Spiritless eyes meet your gaze in the glass, early crows feet forming from periods of prolonged stress. A bone deep exhaustion reflected in your undereye bags, the dull pallor of your complexion. The frizziness of unmoisturized locks begging for a drink. Wind chapped lips and an eternal frown.
The oversized shirt hangs baggy on your form, once belonging to your brother but now in your possession. If you lifted up the garment you could practically count the ribs, a once healthy layer of fat and muscle cannibalized by famished cells and underutilization. It's hard to keep on weight when your stomach rejects the nourishment you try to provide.
If this is the empty shell you’ve become a full continent away from him then it’s hard to imagine what lifeless husk of a creature you might’ve deteriorated into under his brand of care.
There’s no more energy left by the time you do your business and finish brushing your teeth, knowing what few bolts remain will have to go towards the impending headache of customer service. Taming your unruly hair will just have to wait until later – if at all.
You flick the lights on as you pass, trudging on shaky legs to the cabinets above the microwave. There’s still too much unease in your tummy for your usual coffee order, opting for a mug of herbal tea to help settle the irritated organ, a spoonful of honey cutting through the mild bitterness. Settling on a sleeve of poptarts for a lazy breakfast, you lumber your way over towards the couch and the awaiting annoyances.
Opening shifts were always the worst.
Originally you’d approached the company with open availability in hopes of bettering your chances at landing a remote job. In those days, commuting to a location had been out of the question. It took months of submitting applications – relying solely on your family for all your expenses – before someone finally gave you an opportunity to rejoin the workforce.
(You wept the day you received the offer from HR. Having even a sliver of autonomy returned to you after a tumultuous period without it was as the first melting snow of a long envisioned spring).
Unfortunately it meant you were handed the hours no one else wanted to take. Most days that was the early shifts.
It’s not like you work a whole hell of a lot. The job itself is only part time after all and fairly easy; fourteen hours max per week. But you’d quickly learned that the later you were scheduled, the clearer your brain was to focus, the better you performed overall.

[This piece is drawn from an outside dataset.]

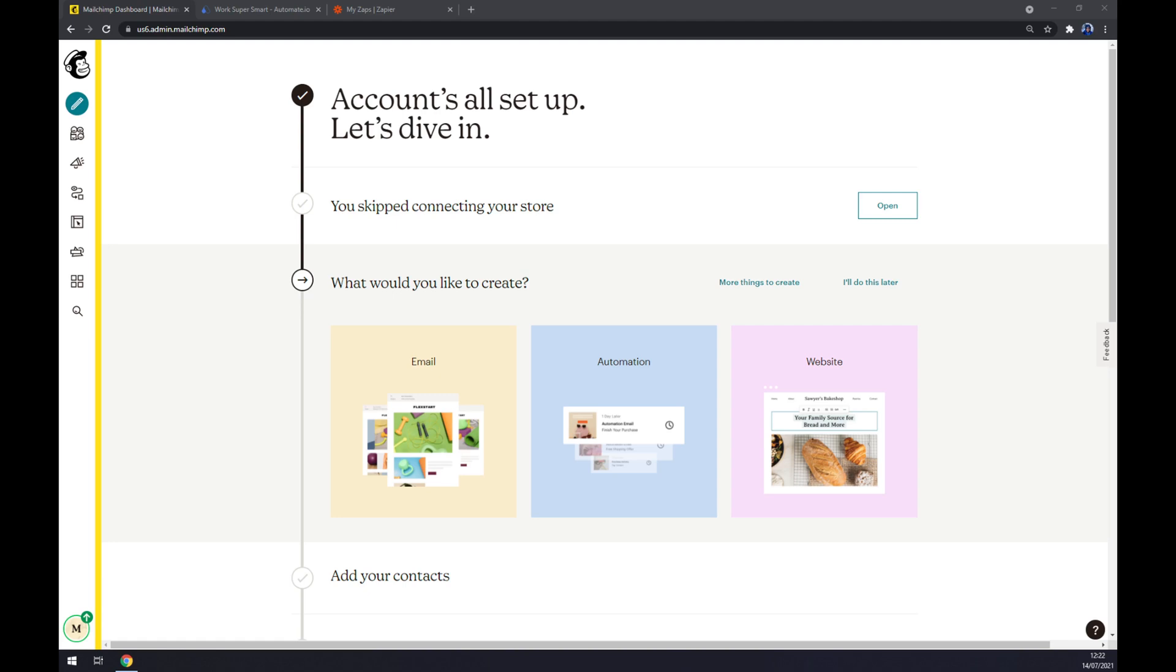Hello guys, my name is Matthew and in today's video I'm going to show you how you can integrate Mailchimp with Google Sheets. First things first, we have to create ourselves an account at mailchimp.com or log into your existing account.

Now if only the big wigs at corporate would allow you to update your availability. When last you’d scrounged up enough courage to broach the topic to your immediate supervisor you were promptly informed that there was no current flexibility to your role and, when pressed, sent a look via Zoom that clearly said don't push it.

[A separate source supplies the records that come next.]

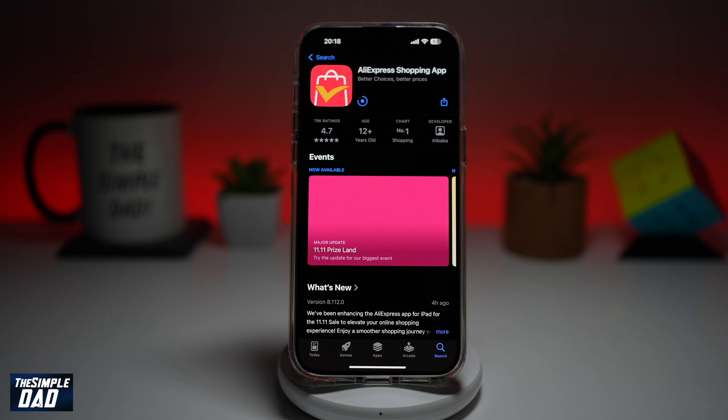At the bottom right you're going to go ahead and tap on the profile icon. Once you're here, go ahead and tap on sign in. Use your Google account or your Apple account and sign in to AliExpress.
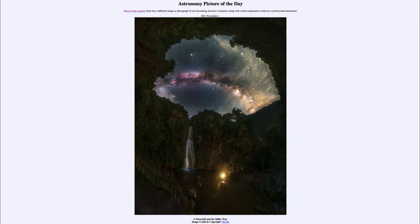The more mass an object has, the stronger in general the gravity will be. As we look up above, we see our Milky Way galaxy stretching across the sky. This is our galaxy as we see it from within, and we can see bright star clouds and dark dust clouds.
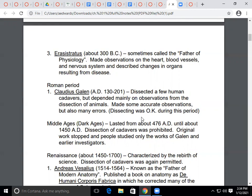Around 300 BC we have Erasistratus, called the father of physiology. He studied the heart, blood vessels, and nervous system, made observations about them, and described changes in these organs as a result of different diseases.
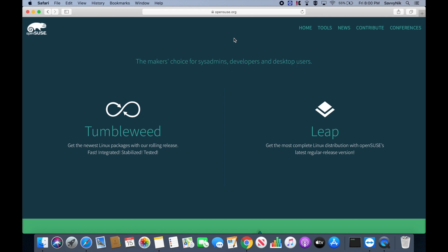Hey Savvy people, it's Savvy Nick here and today we'll be going through how to install OpenSUSE Tumbleweed.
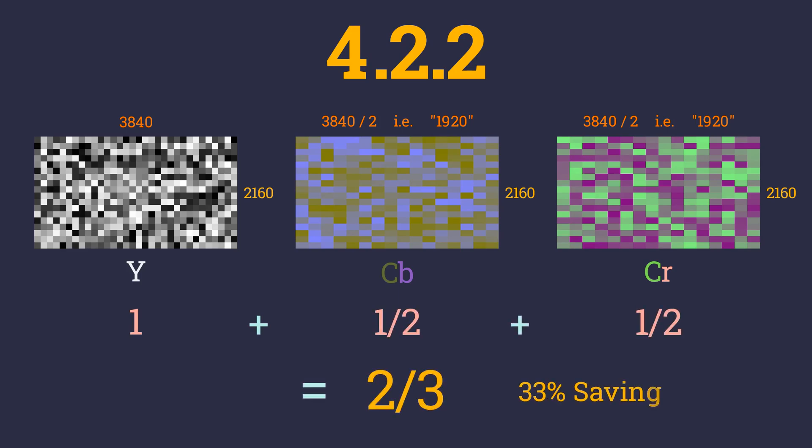If you don't know what 4k or 1920x1080 is, watch my resolution video. It will be coming out soon.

So much for ‘warm family environment’.
A small rolling side table acts as your makeshift desk, the apartment too cramped for something proper no matter how many attempts to tetris the layout. One of your fathers had come up with the brilliant solution while shopping at ikea for new end tables, spotting the piece of furniture and shipping it out to your location. You’d had to brave the awkward visit of the buff delivery man for a signature – hiding behind the door jamb like a sketchy criminal – but the purchase had been well worth it for how cluttered your poor kitchen table had previously looked, a jumbled mess of pens and wires, certifiably hazardous with its lengthy extension cord.
Armed with soothing chamomile and a warm knit blanket thrown over your lap, you boot up your laptop and log onto the program that would keep you chained to it for the next six hours.
Ask anyone that deals with customers directly: Christmas is the least wonderful time of the year.
Garbled phone calls over shitty receptions. The droning monotony of preplanned scripts. Old bitties recounting eight decades of family drama. Mass hysteria around shipping delays. ‘Happy Birthday Steve’ and the audible slick of his palm. Entitled socialites for whom the word ‘please’ never came preinstalled in their gold filigree hoity-toity dictionaries.
The fifteen minute break is almost insulting. As if anyone can decompress in such a meager timespan. It’s no wonder why people used to chainsmoke their way through the stress of their jobs.
You try to remind yourself of the before times – the trials and tribulations that came from previous employments. Long grueling hours spent pent up in bustling kitchens, the dinner rush on crab leg nights testing your arm strength and patience for slow steamers. Pushy roofing salesmen harping over impoverished neighborhoods. Car guys calling you toots and insisting on being assisted by a ‘real professional’.
This job was by far the most laid back. No fussing over business casual, no extroverted coworkers crowding your space, no bosses micromanaging for the sake of being assholes. You were living a cushy life by comparison.
But then your mind wanders to Jose on the third floor kitchen, busy doing prep work for the various departments; a kind man once he warmed up to you and found you competent enough to last. Always sneaking you tender bites of grilled meats and a bowl of creamy lobster bisque.
Nyle bringing you ladies in the office a round of Starbucks when he came in for mandatory meetings. Sharing music with Stacy and gabbing about just aired episodes of your favorite tv show. Heather bringing in fresh blueberry bear claws from the local bakery near her home.
Going to the irish pub across the street with the guys in finance that knew the owners, getting drunk off free whiskey and cider on Friday nights. All smiles and laughter as you twirl across the dance floor to a live band performing hits from musicians like Flogging Molly and Great Big Sea…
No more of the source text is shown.